[[ MATERIAL SHOWN open ]]
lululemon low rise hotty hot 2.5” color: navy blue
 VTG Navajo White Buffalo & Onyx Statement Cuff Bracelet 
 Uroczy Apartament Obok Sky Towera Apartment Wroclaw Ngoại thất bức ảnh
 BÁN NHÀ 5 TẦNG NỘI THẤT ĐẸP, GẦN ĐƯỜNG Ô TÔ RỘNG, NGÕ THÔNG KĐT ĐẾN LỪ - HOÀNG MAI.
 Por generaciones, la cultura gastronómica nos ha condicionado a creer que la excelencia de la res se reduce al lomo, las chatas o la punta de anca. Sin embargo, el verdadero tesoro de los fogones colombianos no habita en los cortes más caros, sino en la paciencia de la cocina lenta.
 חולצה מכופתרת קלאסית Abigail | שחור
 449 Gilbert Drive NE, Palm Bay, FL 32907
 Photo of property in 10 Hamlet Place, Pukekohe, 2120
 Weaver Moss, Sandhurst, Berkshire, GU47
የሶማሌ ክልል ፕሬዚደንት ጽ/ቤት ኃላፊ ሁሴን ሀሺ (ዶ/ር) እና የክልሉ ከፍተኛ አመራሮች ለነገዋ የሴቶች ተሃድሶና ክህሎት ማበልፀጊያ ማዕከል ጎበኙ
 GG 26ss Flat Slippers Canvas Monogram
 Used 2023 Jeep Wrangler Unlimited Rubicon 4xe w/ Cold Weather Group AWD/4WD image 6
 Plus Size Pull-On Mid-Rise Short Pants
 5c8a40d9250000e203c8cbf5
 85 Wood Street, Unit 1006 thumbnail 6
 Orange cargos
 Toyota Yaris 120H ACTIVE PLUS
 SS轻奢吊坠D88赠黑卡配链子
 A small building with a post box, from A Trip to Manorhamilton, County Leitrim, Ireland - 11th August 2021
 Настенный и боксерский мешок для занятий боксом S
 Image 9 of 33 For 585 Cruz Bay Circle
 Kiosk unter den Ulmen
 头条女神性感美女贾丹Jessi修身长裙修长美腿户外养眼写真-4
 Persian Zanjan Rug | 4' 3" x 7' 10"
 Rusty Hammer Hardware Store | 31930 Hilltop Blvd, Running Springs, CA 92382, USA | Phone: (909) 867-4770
[[ MATERIAL SHOWN closed ]]
* _WHAT IS BEING ASKED_
Set down, please, the lines from the line holding "Image 9 of 33 For 585 Cruz Bay Circle" through the final line of the data, exactly and with nothing added.

* _SOLUTION TO THE PROBLEM_
 Image 9 of 33 For 585 Cruz Bay Circle
 Kiosk unter den Ulmen
 头条女神性感美女贾丹Jessi修身长裙修长美腿户外养眼写真-4
 Persian Zanjan Rug | 4' 3" x 7' 10"
 Rusty Hammer Hardware Store | 31930 Hilltop Blvd, Running Springs, CA 92382, USA | Phone: (909) 867-4770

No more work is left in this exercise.